Bilge Umar alanın uzmanı olmayan bir araştırmacı yazardır. Oryantalizmin egemenliğinde hep aynı görüşleri tekrarlayan ve bilim yapmaktan uzaklaşan ilkçağ tarihi alanına yeni bir soluk getirmiştir. Özellikle Luvi diliyle ilgili yaptığı çalışmaları önemsiyorum, bu çalışmaların Abaza diliyle ne kadar çok çakıştığının örneklerini de daha önceki çalışmalarımızda verdik.
Ancak bilimde fanatizme yer yoktur. Bilimin tek amacı gerçeğe ulaşmaktır. Varsayımlar bu nedenle ortaya atılır, araştırmacılar bu nedenle kestirimde bulunur ve araştırma yaparlar, kestirimleri doğrulanıyorsa savunur, doğrulanmıyorsa vazgeçerler. Yine de her şey düz bir çizgi halinde ilerlemez, gerçeğe giden yolda pek çok engel vardır. Dünyanın egemeni olanlar, tarihsel gerçekleri de kendi çıkarlarına göre yorumlatırlar. Bazı yazarlar bu güçlerin aletleri oldukları gibi, iyi niyetli bazı yazarlar da duygularının esiri olarak gerçeği çarpıtır ya da yanıldıklarına bir türlü kabul etmezler. O andan itibaren de gerçeği araştırmak yerine gerçeği çarpıtmaya başlarlar.
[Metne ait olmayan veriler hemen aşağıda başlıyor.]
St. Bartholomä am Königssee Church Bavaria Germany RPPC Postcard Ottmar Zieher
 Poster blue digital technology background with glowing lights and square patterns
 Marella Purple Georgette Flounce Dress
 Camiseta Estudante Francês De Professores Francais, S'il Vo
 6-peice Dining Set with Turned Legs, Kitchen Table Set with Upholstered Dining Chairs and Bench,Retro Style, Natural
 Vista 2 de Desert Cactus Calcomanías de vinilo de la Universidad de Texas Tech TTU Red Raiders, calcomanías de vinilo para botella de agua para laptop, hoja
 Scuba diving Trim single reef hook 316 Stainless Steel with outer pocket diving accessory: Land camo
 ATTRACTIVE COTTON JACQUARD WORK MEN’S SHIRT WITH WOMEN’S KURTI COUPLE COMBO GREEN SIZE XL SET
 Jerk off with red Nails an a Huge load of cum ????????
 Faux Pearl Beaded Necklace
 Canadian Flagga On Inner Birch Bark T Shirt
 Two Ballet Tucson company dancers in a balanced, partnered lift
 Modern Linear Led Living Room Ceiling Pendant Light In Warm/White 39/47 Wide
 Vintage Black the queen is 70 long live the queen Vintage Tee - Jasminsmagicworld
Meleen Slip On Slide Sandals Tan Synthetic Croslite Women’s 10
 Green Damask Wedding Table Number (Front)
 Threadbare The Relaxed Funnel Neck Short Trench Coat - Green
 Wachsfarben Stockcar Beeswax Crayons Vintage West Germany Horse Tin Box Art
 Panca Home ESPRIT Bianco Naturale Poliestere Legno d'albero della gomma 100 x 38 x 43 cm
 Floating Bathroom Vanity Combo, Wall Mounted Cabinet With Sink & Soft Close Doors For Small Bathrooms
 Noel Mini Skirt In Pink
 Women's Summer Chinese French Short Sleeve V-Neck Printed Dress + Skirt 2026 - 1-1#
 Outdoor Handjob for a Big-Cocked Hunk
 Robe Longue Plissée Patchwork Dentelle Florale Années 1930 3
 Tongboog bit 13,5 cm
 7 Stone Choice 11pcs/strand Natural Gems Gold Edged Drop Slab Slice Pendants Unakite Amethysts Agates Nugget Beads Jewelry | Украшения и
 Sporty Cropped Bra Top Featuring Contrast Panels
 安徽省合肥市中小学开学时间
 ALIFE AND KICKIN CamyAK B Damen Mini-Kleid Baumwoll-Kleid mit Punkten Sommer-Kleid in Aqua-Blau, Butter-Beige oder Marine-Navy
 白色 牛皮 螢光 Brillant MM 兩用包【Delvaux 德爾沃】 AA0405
Bir araştırmacı yazar için, gerçeği araştırmaya çalışmakla fanatik bir şekilde savunmak arasındaki fark çok önemlidir. Hiçbir zaman fanatik olmamalı, gerçeği araştırmaktansa hiç vazgeçmemeliyiz.
KAYNAKÇA
1. Bilge Umar, Türkiye Halkının İlkçağ Tarihi, 1, 1982.
2. Bilge Umar,   İlkçağda Türkiye Halkı, 1999.